**Your goal**
Word-for-word reproduction, images excluded: copy every entry below.

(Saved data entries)
____

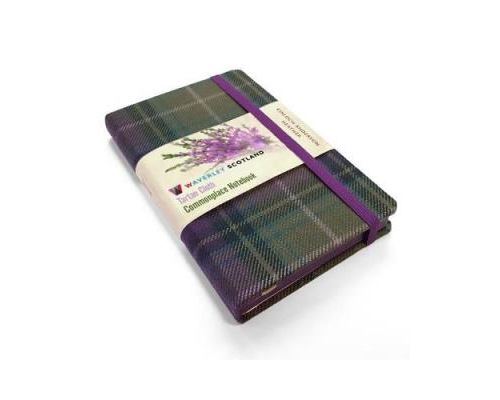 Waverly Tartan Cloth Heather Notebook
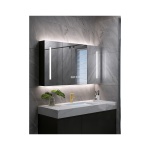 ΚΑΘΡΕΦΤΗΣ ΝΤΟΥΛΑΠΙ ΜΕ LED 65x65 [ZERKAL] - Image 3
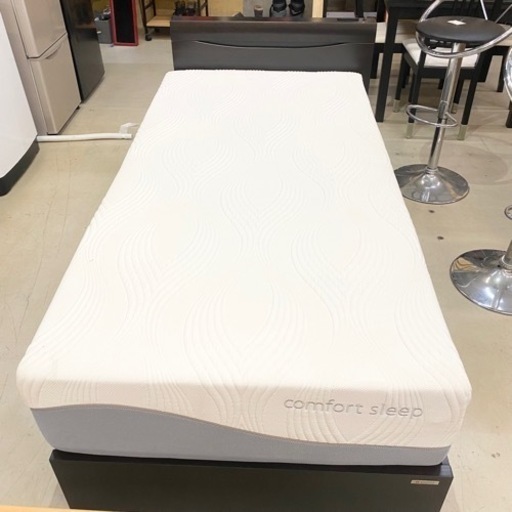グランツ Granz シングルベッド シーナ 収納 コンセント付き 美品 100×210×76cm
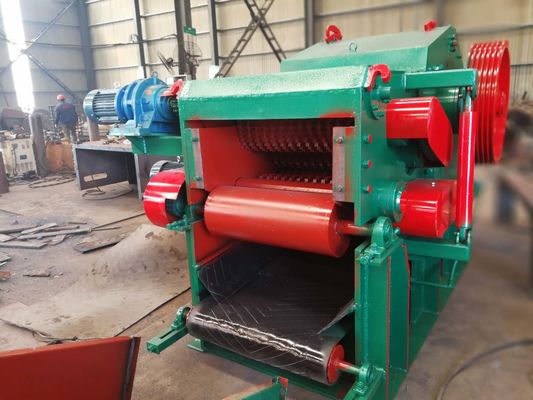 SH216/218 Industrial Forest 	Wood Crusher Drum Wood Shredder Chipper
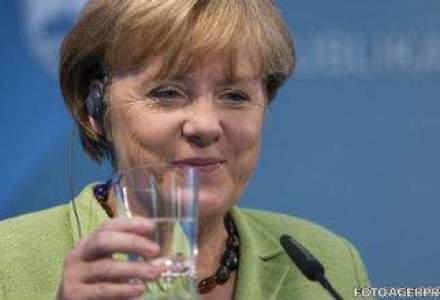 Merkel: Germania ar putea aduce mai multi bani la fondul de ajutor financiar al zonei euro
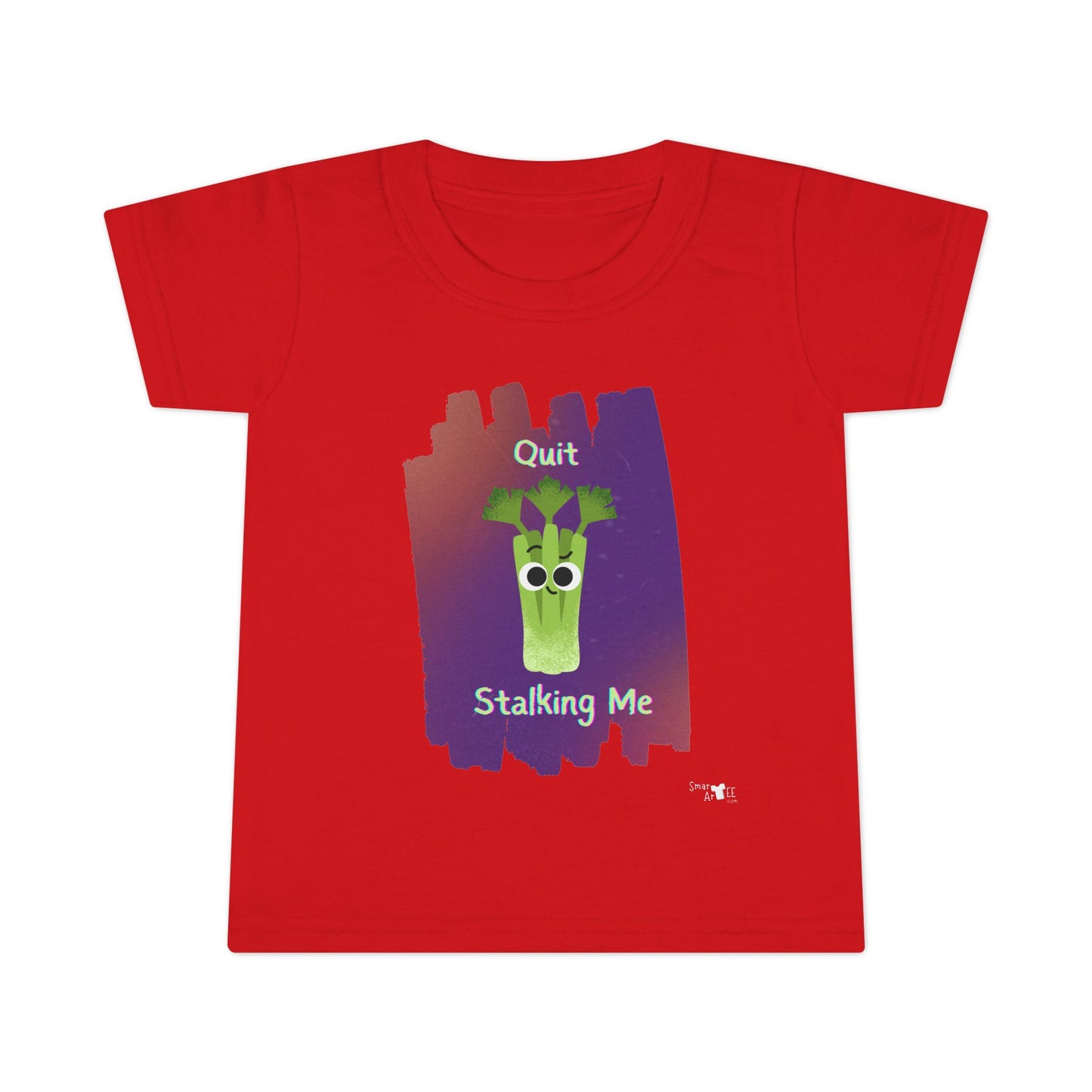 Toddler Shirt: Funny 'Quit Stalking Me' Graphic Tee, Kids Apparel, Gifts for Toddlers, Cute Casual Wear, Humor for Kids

____

**Exercise answer**
 Waverly Tartan Cloth Heather Notebook
 ΚΑΘΡΕΦΤΗΣ ΝΤΟΥΛΑΠΙ ΜΕ LED 65x65 [ZERKAL] - Image 3
グランツ Granz シングルベッド シーナ 収納 コンセント付き 美品 100×210×76cm
 SH216/218 Industrial Forest 	Wood Crusher Drum Wood Shredder Chipper
 Merkel: Germania ar putea aduce mai multi bani la fondul de ajutor financiar al zonei euro
 Toddler Shirt: Funny 'Quit Stalking Me' Graphic Tee, Kids Apparel, Gifts for Toddlers, Cute Casual Wear, Humor for Kids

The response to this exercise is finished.